> **INFORMATION PROVIDED**:
———
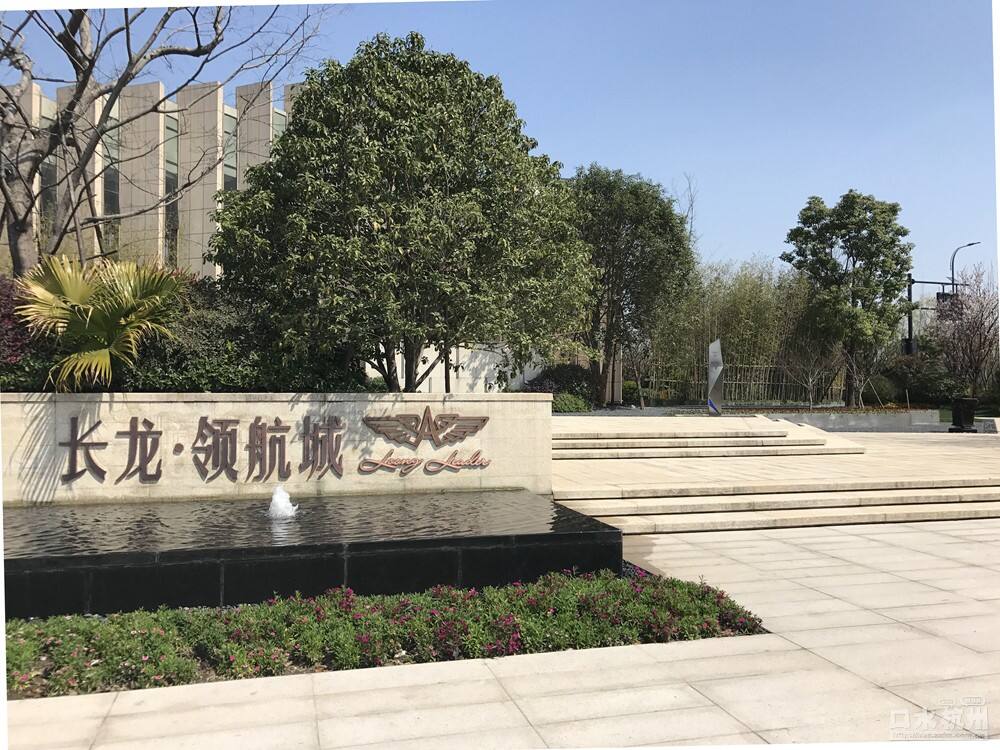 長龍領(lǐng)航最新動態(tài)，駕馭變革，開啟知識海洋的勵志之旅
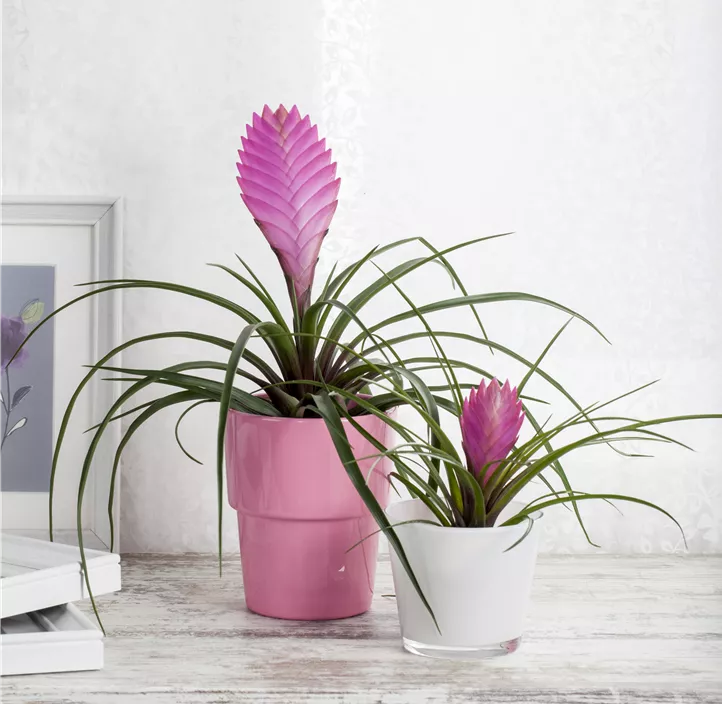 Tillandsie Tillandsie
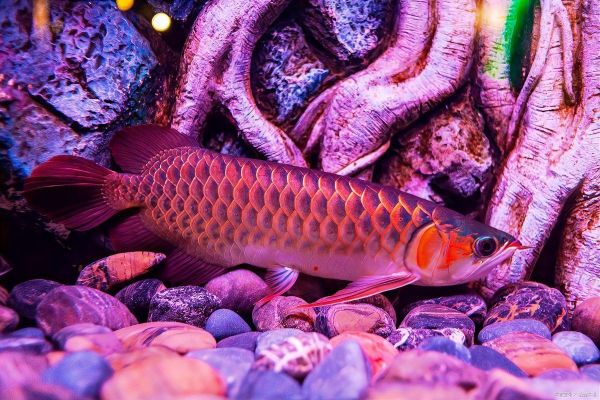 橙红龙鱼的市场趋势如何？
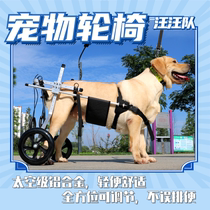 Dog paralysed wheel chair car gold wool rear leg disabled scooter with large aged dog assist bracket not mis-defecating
———
> **PROMPT**: Across the whole listing, reproduce each line verbatim and exclude every picture.

> **TASK SOLUTION**:
 長龍領(lǐng)航最新動態(tài)，駕馭變革，開啟知識海洋的勵志之旅
 Tillandsie Tillandsie
 橙红龙鱼的市场趋势如何？
 Dog paralysed wheel chair car gold wool rear leg disabled scooter with large aged dog assist bracket not mis-defecating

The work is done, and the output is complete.